### DATA TO PROCESS ###
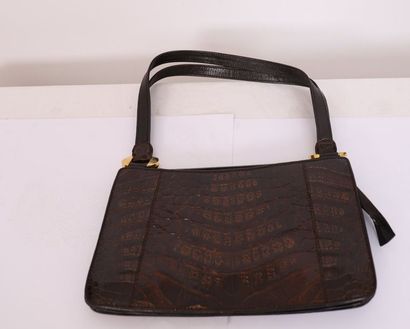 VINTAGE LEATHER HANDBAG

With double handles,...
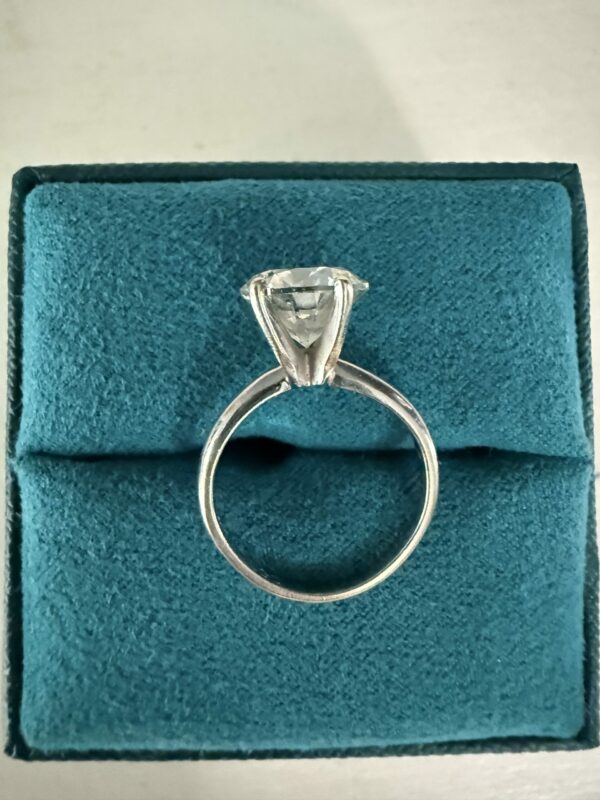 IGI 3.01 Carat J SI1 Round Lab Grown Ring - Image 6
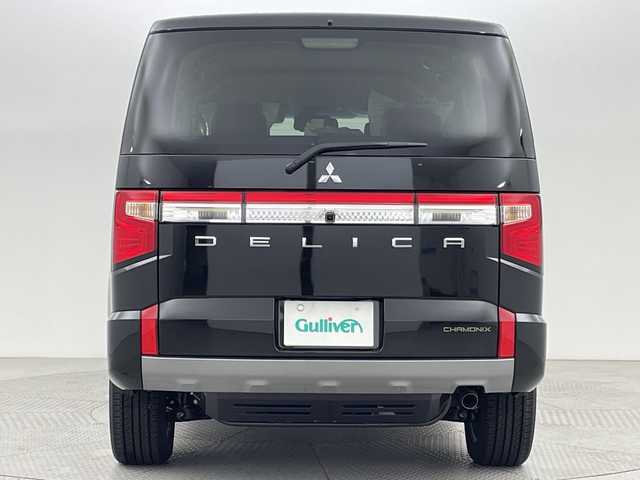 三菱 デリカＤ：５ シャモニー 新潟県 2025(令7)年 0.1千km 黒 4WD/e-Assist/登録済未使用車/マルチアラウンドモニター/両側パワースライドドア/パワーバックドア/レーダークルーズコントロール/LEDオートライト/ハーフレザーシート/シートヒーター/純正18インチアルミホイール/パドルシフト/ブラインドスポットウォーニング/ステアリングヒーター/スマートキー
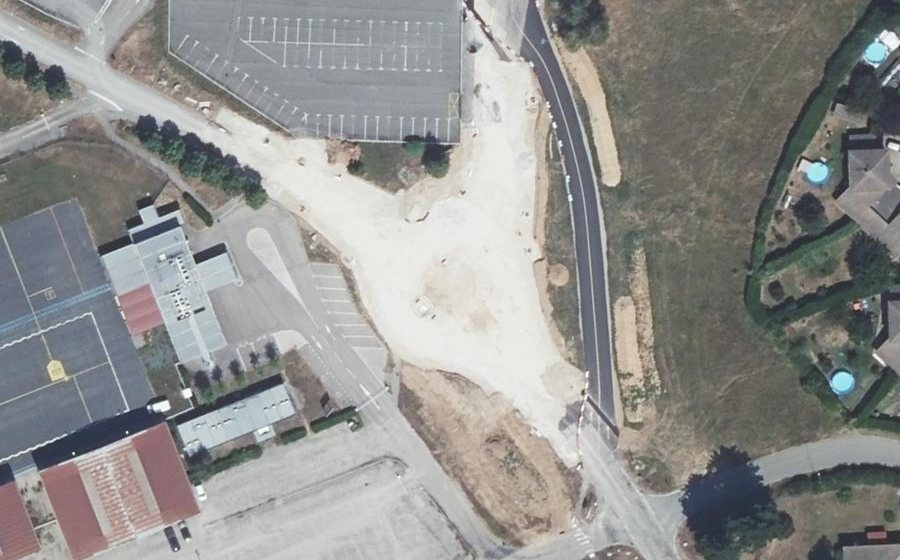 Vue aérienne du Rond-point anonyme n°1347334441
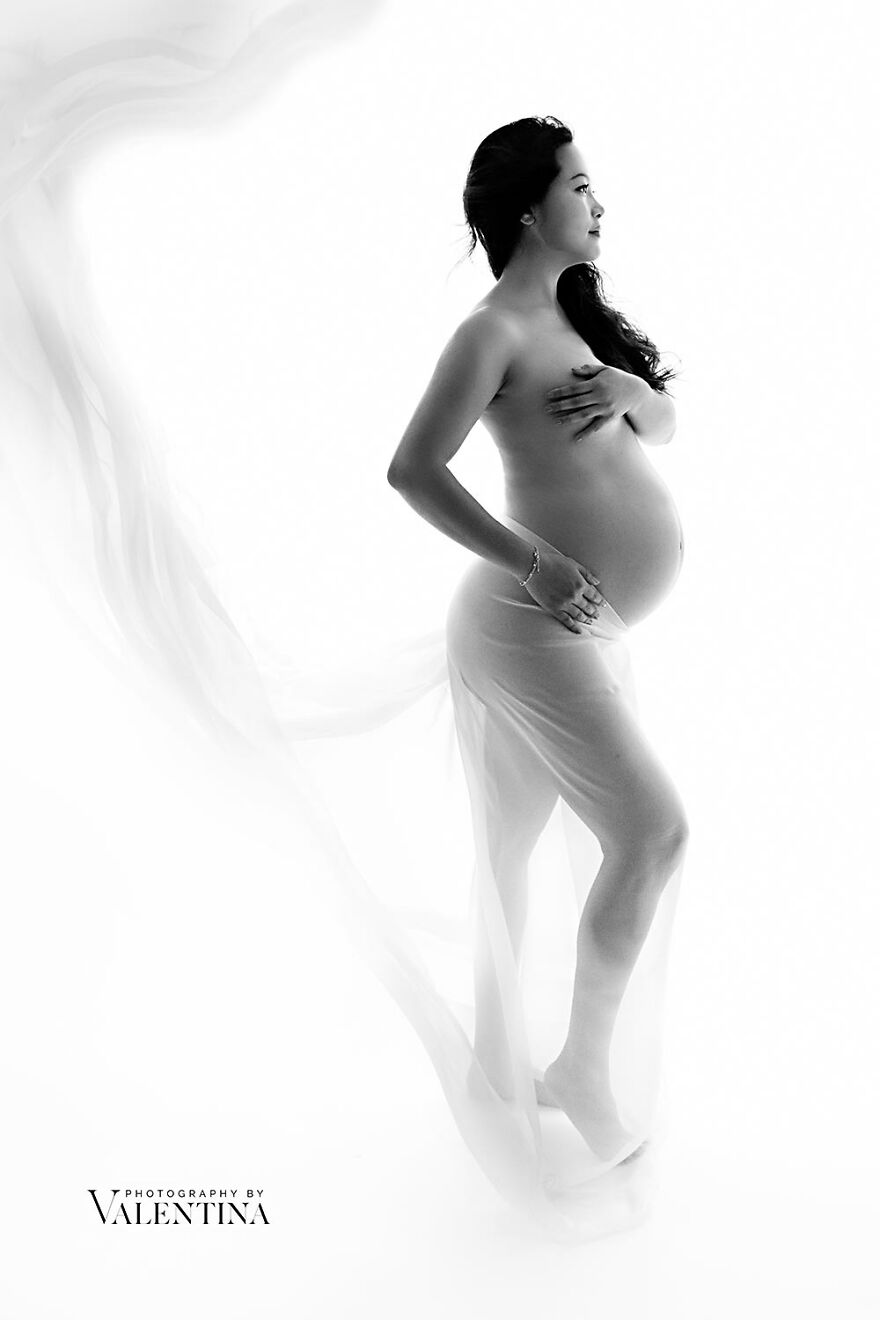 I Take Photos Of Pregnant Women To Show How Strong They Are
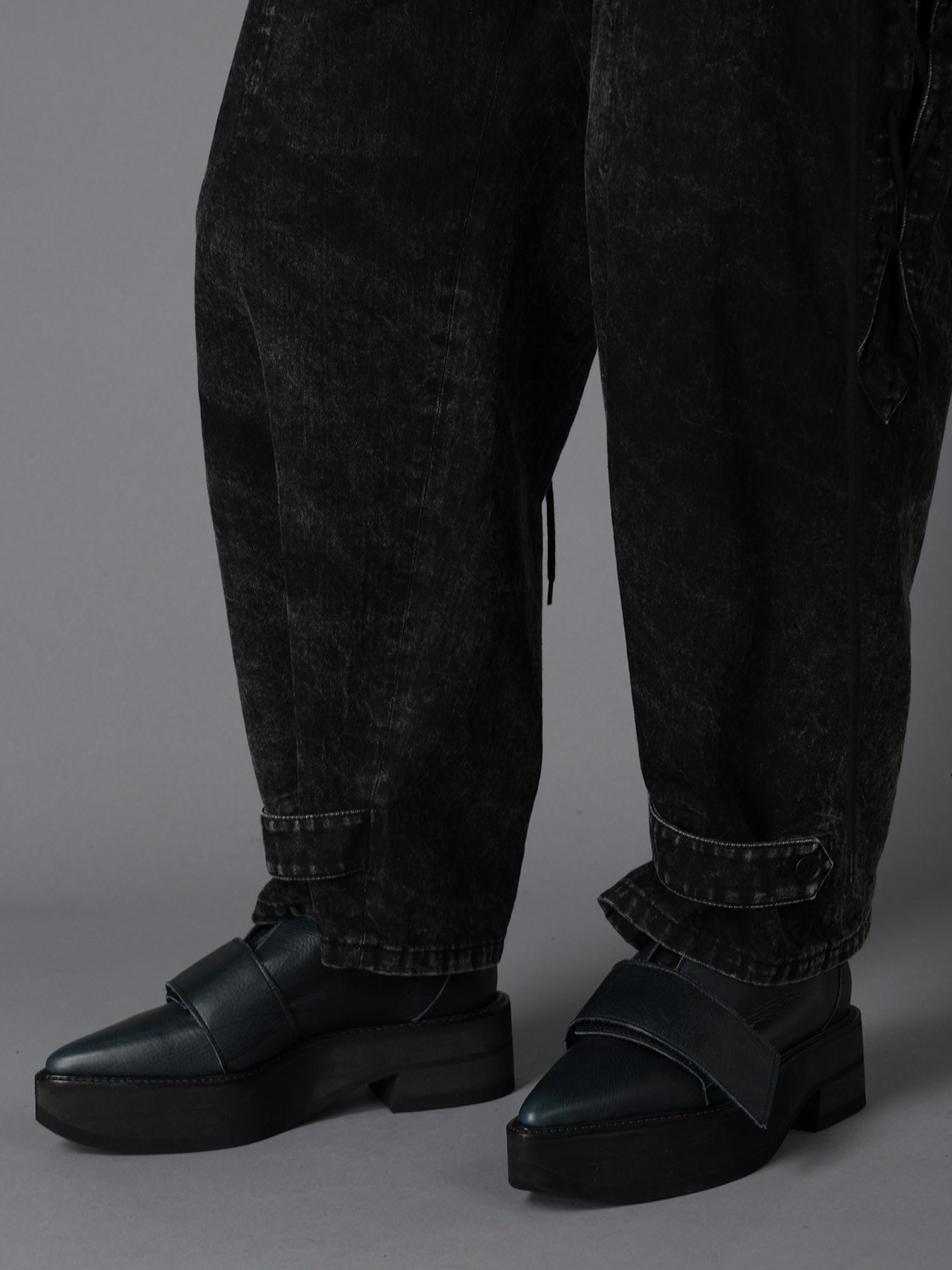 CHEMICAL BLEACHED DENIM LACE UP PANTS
###
WHAT IS BEING ASKED. Return each line from the material above exactly, but not the pictures.

RESPONSE TO THIS EXERCISE.
 VINTAGE LEATHER HANDBAG

With double handles,...
 IGI 3.01 Carat J SI1 Round Lab Grown Ring - Image 6
 三菱 デリカＤ：５ シャモニー 新潟県 2025(令7)年 0.1千km 黒 4WD/e-Assist/登録済未使用車/マルチアラウンドモニター/両側パワースライドドア/パワーバックドア/レーダークルーズコントロール/LEDオートライト/ハーフレザーシート/シートヒーター/純正18インチアルミホイール/パドルシフト/ブラインドスポットウォーニング/ステアリングヒーター/スマートキー
 Vue aérienne du Rond-point anonyme n°1347334441
 I Take Photos Of Pregnant Women To Show How Strong They Are
 CHEMICAL BLEACHED DENIM LACE UP PANTS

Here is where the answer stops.